Premier roman d’un jeune américain né en 1962, Pizza Face est une immense grimace lancée à toute la société américaine. Féroce et drôle.

A 21 ans, Ken Siman, originaire de Caroline du Nord, a écrit un premier roman qui devrait faire date dans l’histoire littéraire américaine. Non pas que l’auteur soit à ranger parmi ceux qu’une certaine presse appelle les auteurs cultes, mais parce que son personnage, Andy, pourrait bien rejoindre au Paradis des héros américains l’Ignatius J.Reilly de La Conjuration des imbéciles, le monumental roman de John Kennedy Toole.

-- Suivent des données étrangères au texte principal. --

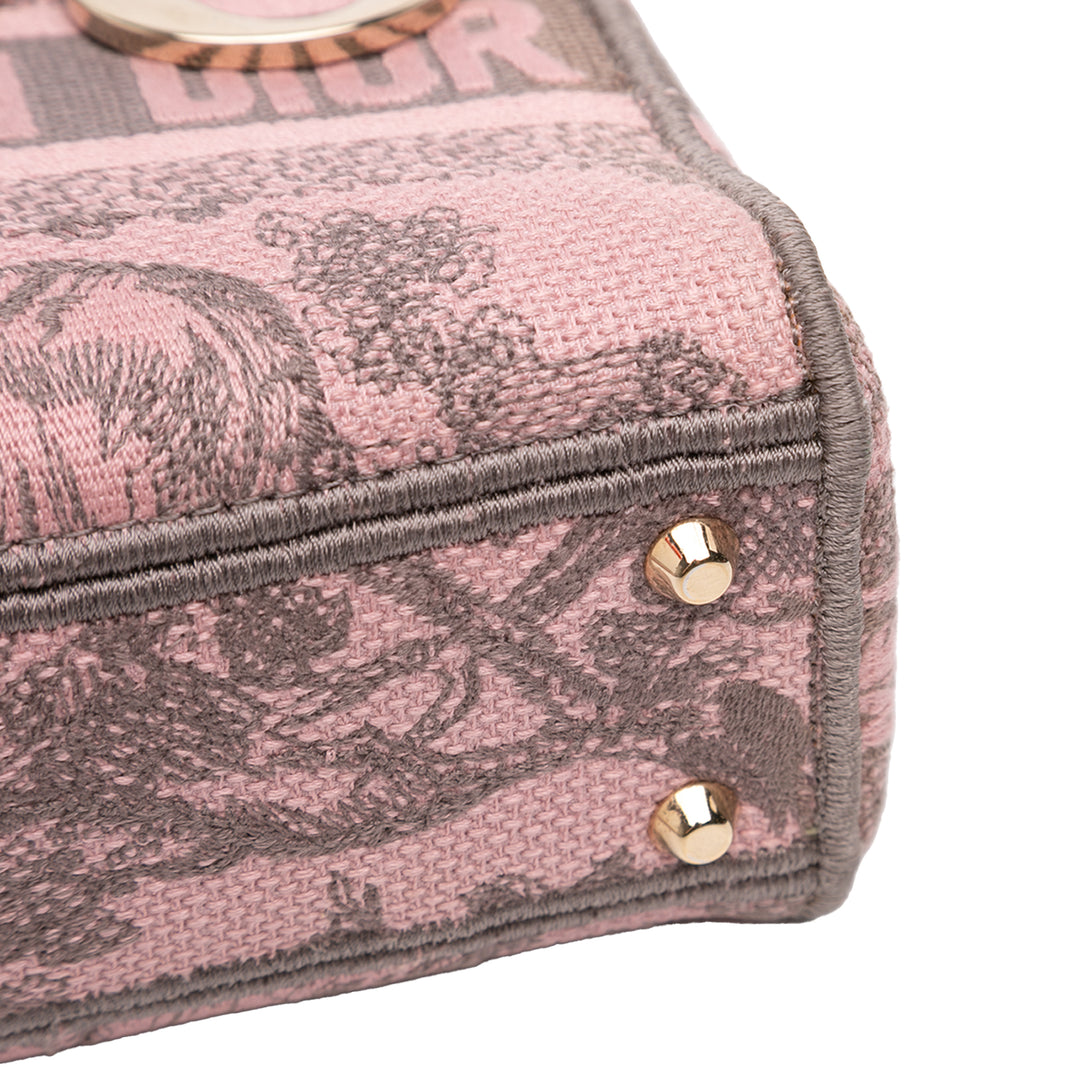 Dior Mini brodé Toile Toile De Jouy Lady D Lite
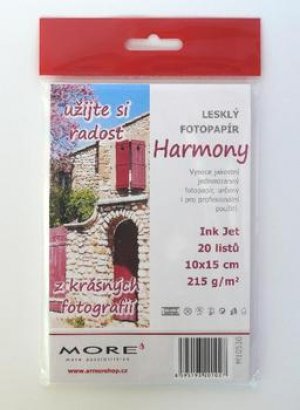 ARMOR Fotopapír MORE Harmony 240g/m2; glossy, 20 listů, A4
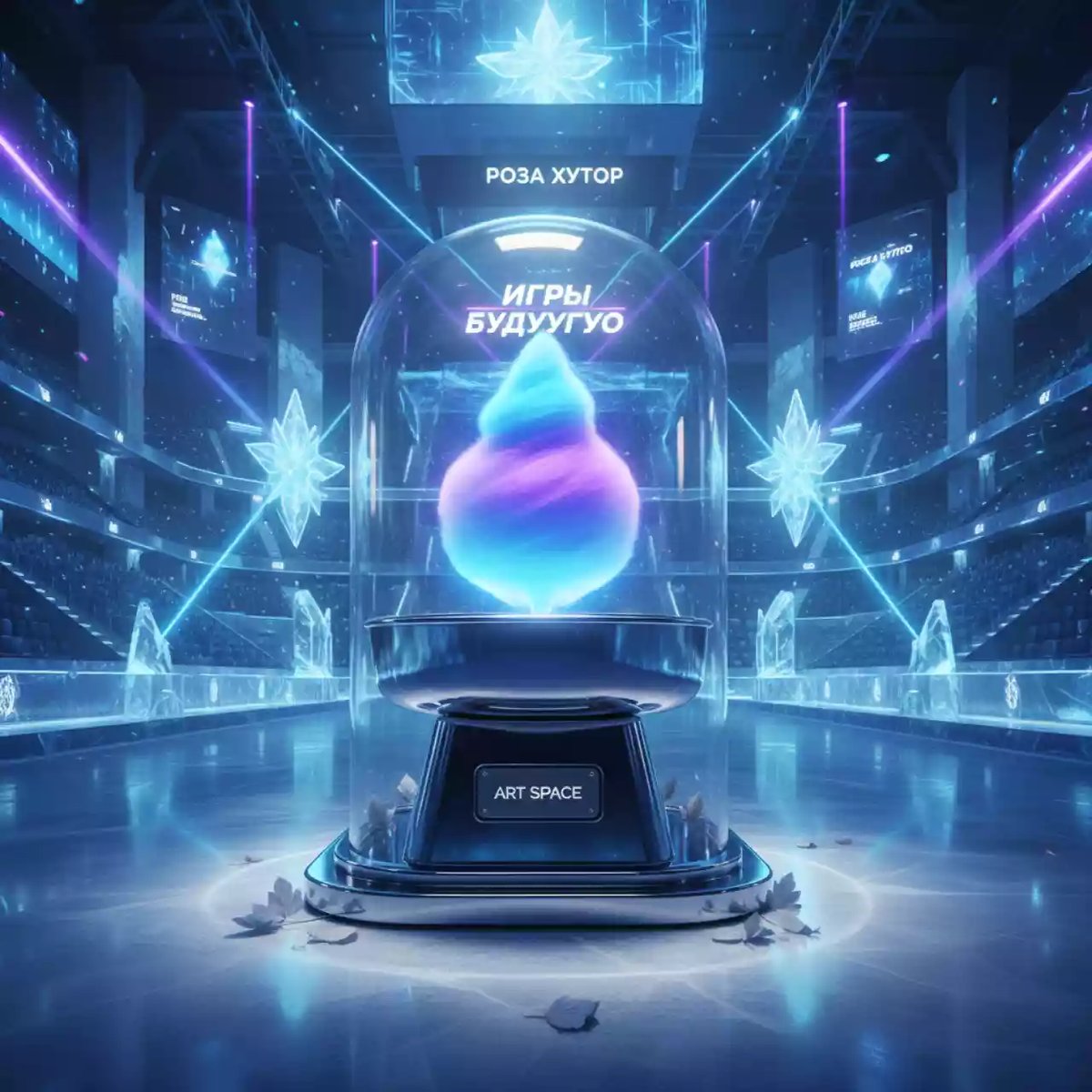 Аренда Вата сладкая в ледовом дворце «Роза Хутор» — ART SPACE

Les deux héros ont au moins un point commun : leur laideur. Andy est couvert de tant d’acnée qu’on l’appelle « face de pizza », ce qui, lorsqu’on connaît les pizzas américaines, est tout sauf flatteur. Andy a un autre défaut : ses parents. Américains moyens s’il en est, sombres crétins fiers de leur passé (le père), entichés des hommes politiques (la mère), les géniteurs d’Andy sont les parfaits citoyens de Charlotte, ville de Caroline du Nord où « il n’était pas rare d’être accusé de violation de domicile pour s’être engagé dans la voie de garage de son voisin qu’on avait confondue avec la sienne »
Il est beaucoup question de politique dans Pizza face, non pas au sens où nous autres Européens l’entendons ; la politique américaine est une immense foire, un concours de mains serrées, un super-marché publicitaire où ce qui compte avant tout c’est de faire croire au premier crétin qu’on a besoin de lui. Andy est un enfant de la génération Carter, une génération perdue si l’on en croit Ken Siman, très jeune, il participe aux campagnes de chaque candidat, leur envoyant pour tout soutien la somme d’un dollar. Cela suffit pour recevoir photos dédicacées, badges, posters que l’adolescent revend aux membres de « l’association Les Mordus d’Objets Politiques ». Mais toutes ces activités ne lui font pas oublier qu’avant tout, ce qui le caractérise lui, Andy, c’est la laideur : « Il regarda son image dans la grande glace et crache dessus. » Il a beau faire des efforts vestimentaires comme le jour de sa confirmation où « il avait revêtu son seul ensemble un peu pensé, un pantalon pattes d’éléphant jaune, un haut synthétique satiné avec un motif de perroquets éclatants (…) un collier hawaïen en coquillages… » les filles qui croisent son regard font la grimace.
Si l’on rit beaucoup à lire Pizza face, on se réjouit surtout de la férocité avec laquelle Ken Siman dépeint l’Amérique. La bêtise semble être, en Caroline du Nord, un sport national dont profitent les politicards de tout poil, peu scrupuleux des moyens mis en œuvre pour arriver au pouvoir.
Andy se lance donc dans la politique pour trouver une place dans ce monde. De même rejettant ses rêves d’amours féminines, notre anti-héros va se sentir de plus en plus attiré par la beauté des garçons. Pour suivre Ryan, son Appolon, il décrochera l’admission à l’Université. « Pour fêter ça, ses parents le sortirent dans le restaurant le plus cher du centre commercial. Ils commandèrent deux menus et partagèrent. » Du rire le plus franc on passe à l’émotion pour finalement se sentir révulsé par l’Amérique telle que la dépeint le romancier. Pizza face est le roman d’une déchéance générale, celle d’une société qui se nourrit des potins les plus ringards, où un citoyen réclame la peine de mort pour les délits mineurs après que des jeunes aient incendié sa remise à outil où il « entreposait sa collection de plaques d’immatriculation de Caroline du nord. » Il existe vraiment plus d’une similarité entre ce très beau roman et La Conjuration des imbéciles. Mais si Ignatius vomissait la société qui l’étouffait, Andy, lui, donnerait cher pour y être admis. Entre les années soixante, date d’écriture de La Conjuration… et la fin des années 80, on aura donc assisté à la mort de toute idéologie, à l’extinction de toute velléité de révolte. L’individu s’est soumis et mendie aujourd’hui sa place au soleil.

Pizza face
Ken Siman

Traduit de l’américain
par Pascale Barbera
L’Incertain
230 pages, 115 FF

Paradis américain
Le Matricule des Anges n°5 , octobre 1993.